Preparing to lift lockdown at CNES
The current unprecedented circumstances have dictated a sometimes difficult lockdown. CES has succeeded remarkably in adapting to this requirement thanks to its excellent information system, which has enabled a large number of personnel to transition to teleworking, and above all to the motivation of everyone working on site and in most cases at home.
This phase is now drawing to a close. President Emmanuel Macron has announced that the lockdown will be progressively lifted from 11 May. The Prime Minister has started outlining the plan to achieve this that will be detailed by the end of April, but CNES is already preparing its own plan to ramp up operations at its field centres.
Unknowns nevertheless remain regarding the situations that each of us will be facing in the weeks and months ahead due to the health status in each region and the issues surrounding public transport and the return to school. All of these factors will obviously determine how and how quickly the lockdown is lifted, which will occur in a gradual and adaptable fashion.
The safety of CNES’s people remains the top priority, as it has been since the start of this crisis. From 11 May, on-site operations will be resumed gradually on the basis of two principles. The first to resume will be priority operations that require people to be physically present at the agency’s field centres and those that are hardest to accomplish remotely (personnel who can perform their tasks working from home will continue to do so). Then, depending on how the health situation evolves, and on government guidelines and lessons learned from this initial phase, homeworking will be progressively scaled back.
For the first step, the number of personnel on site will be purposely limited to ensure their safety, to protect strategic operations already underway and to contribute to the collective nationwide effort to gradually lift the lockdown.
Each of the agency’s directorates is currently analysing options to define which activities will resume on site for the first phase from 11 May, who this will apply to and how work will be organized. This task is being performed on the front line to take into account the needs of operational personnel, the associated health constraints and the individual situation of each member of staff.
First Launchers R&D Challenge
During the lockdown and to support the national effort, CNES is maintaining its first Launchers R&D Challenge decided at its fifth Innovation Day on 11 February in Toulouse. In its constant quest to innovate in space, CNES is seeking through this event to attract new players from outside the space sector and spur the development of new technology solutions.

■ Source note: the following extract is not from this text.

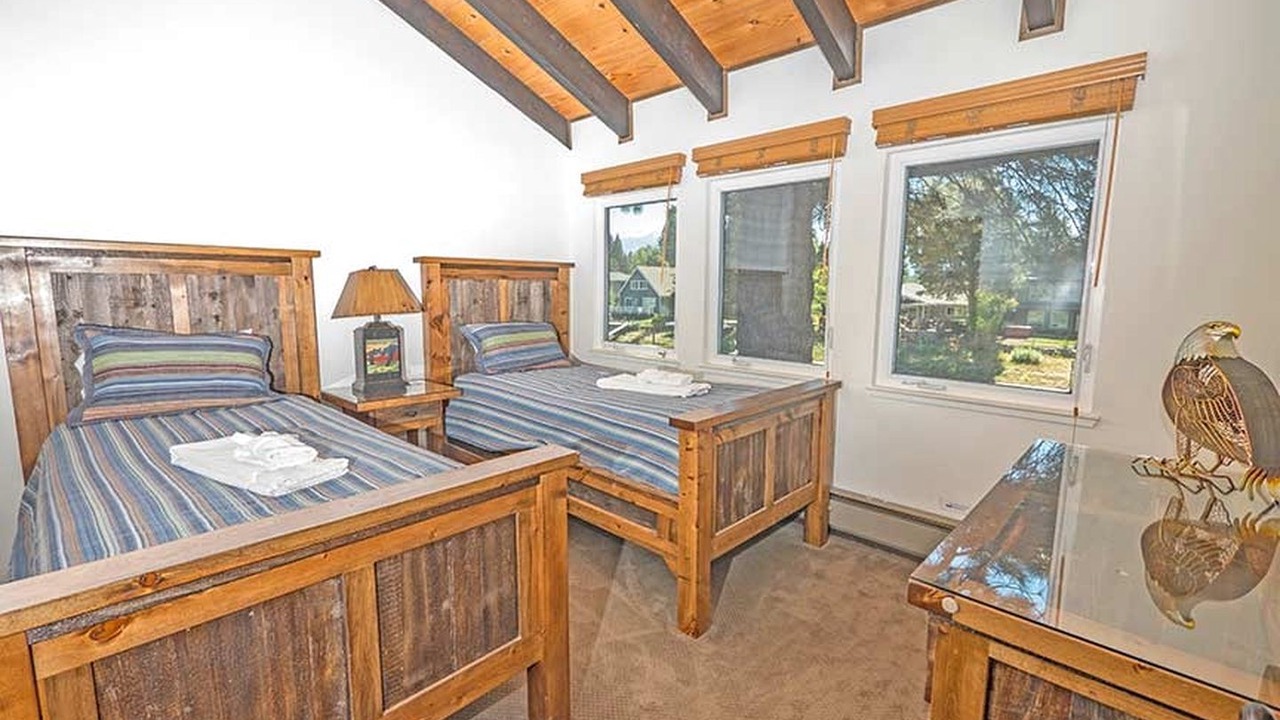 Photo of Bedroom in Tahoe Keys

The process is designed to accommodate any new player with an innovative technology that could benefit future space projects and to quickly demonstrate the value of proposed innovative solutions. Laureates will be chosen at a pitch day where they will sign a contract with CNES to develop their solution.
The first session of the Challenges will be held on 24 June and will be focused on space launch systems. CNES is allocating a budget of nearly €1 million to this domain for 2020-2021. Candidates can find out how to enter HERE.
CNES to hold first virtual Space Tuesday evening
The next session of Space Tuesdays on the theme of ‘the need for space in lockdown’ will take place on the Twitch streaming platform on 28 April starting at 7.00 p.m. The master of ceremonies for this evening will be science journalist Paul de Brem, with musical accompaniment from Mehdi Bourayou.
Because living and working in confinement is second nature in space, three experts will be talking live about the isolation of astronauts during their six-month stays on the International Space Station (ISS) and about research currently underway with a view to sending crews to Mars, for which a mission duration of at least 18 months in confined quarters is envisioned. The participants will be Michel Viso, head of CNES’s exobiology programme, Cyprien Verseux, an astrobiologist at the University of Bremen in Germany who spent 18 months in isolation in Hawaii for the HI-SEAS IV experiment in 2015-2016, and Romain Charles, a support engineer at ESA’s European Astronaut Centre (EAC) in Cologne who took part in the Mars 500 experiment in 2011, spending 500 days in total isolation inside a module near Moscow.